╔══

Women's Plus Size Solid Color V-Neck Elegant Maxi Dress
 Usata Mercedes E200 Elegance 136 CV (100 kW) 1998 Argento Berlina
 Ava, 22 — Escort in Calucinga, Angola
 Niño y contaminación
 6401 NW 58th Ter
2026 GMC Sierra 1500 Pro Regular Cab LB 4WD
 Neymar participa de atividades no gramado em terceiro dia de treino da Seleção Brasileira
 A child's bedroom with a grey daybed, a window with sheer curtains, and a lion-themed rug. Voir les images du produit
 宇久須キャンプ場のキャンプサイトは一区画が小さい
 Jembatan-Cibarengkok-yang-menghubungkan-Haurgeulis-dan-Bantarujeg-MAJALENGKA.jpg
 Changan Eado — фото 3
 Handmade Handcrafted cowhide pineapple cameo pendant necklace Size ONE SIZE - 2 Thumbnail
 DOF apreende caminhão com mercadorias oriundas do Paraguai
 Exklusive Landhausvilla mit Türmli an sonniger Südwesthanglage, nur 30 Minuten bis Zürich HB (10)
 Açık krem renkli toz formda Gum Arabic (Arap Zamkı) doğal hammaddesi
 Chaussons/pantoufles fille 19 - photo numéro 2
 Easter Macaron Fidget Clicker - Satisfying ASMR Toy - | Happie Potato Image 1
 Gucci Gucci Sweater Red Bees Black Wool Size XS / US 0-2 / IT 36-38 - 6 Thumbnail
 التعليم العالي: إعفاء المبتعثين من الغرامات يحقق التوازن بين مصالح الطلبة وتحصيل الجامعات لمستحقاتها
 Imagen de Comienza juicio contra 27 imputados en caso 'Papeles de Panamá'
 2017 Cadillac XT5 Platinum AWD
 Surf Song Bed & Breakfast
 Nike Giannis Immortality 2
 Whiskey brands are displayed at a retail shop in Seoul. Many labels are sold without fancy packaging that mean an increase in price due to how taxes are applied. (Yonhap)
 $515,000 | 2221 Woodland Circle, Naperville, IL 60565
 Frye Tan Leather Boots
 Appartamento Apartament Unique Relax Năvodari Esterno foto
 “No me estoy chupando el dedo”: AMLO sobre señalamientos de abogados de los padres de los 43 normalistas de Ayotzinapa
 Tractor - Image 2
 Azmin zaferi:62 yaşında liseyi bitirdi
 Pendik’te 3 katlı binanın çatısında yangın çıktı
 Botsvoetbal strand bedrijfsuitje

╚══

◆ **WHAT YOU ARE ASKED TO DO**: Repeat the listing above line by line, exactly as written.

◆ **ANSWER TO THIS EXERCISE**:
Women's Plus Size Solid Color V-Neck Elegant Maxi Dress
 Usata Mercedes E200 Elegance 136 CV (100 kW) 1998 Argento Berlina
 Ava, 22 — Escort in Calucinga, Angola
 Niño y contaminación
 6401 NW 58th Ter
2026 GMC Sierra 1500 Pro Regular Cab LB 4WD
 Neymar participa de atividades no gramado em terceiro dia de treino da Seleção Brasileira
 A child's bedroom with a grey daybed, a window with sheer curtains, and a lion-themed rug. Voir les images du produit
 宇久須キャンプ場のキャンプサイトは一区画が小さい
 Jembatan-Cibarengkok-yang-menghubungkan-Haurgeulis-dan-Bantarujeg-MAJALENGKA.jpg
 Changan Eado — фото 3
 Handmade Handcrafted cowhide pineapple cameo pendant necklace Size ONE SIZE - 2 Thumbnail
 DOF apreende caminhão com mercadorias oriundas do Paraguai
 Exklusive Landhausvilla mit Türmli an sonniger Südwesthanglage, nur 30 Minuten bis Zürich HB (10)
 Açık krem renkli toz formda Gum Arabic (Arap Zamkı) doğal hammaddesi
 Chaussons/pantoufles fille 19 - photo numéro 2
 Easter Macaron Fidget Clicker - Satisfying ASMR Toy - | Happie Potato Image 1
 Gucci Gucci Sweater Red Bees Black Wool Size XS / US 0-2 / IT 36-38 - 6 Thumbnail
 التعليم العالي: إعفاء المبتعثين من الغرامات يحقق التوازن بين مصالح الطلبة وتحصيل الجامعات لمستحقاتها
 Imagen de Comienza juicio contra 27 imputados en caso 'Papeles de Panamá'
 2017 Cadillac XT5 Platinum AWD
 Surf Song Bed & Breakfast
 Nike Giannis Immortality 2
 Whiskey brands are displayed at a retail shop in Seoul. Many labels are sold without fancy packaging that mean an increase in price due to how taxes are applied. (Yonhap)
 $515,000 | 2221 Woodland Circle, Naperville, IL 60565
 Frye Tan Leather Boots
 Appartamento Apartament Unique Relax Năvodari Esterno foto
 “No me estoy chupando el dedo”: AMLO sobre señalamientos de abogados de los padres de los 43 normalistas de Ayotzinapa
 Tractor - Image 2
 Azmin zaferi:62 yaşında liseyi bitirdi
 Pendik’te 3 katlı binanın çatısında yangın çıktı
 Botsvoetbal strand bedrijfsuitje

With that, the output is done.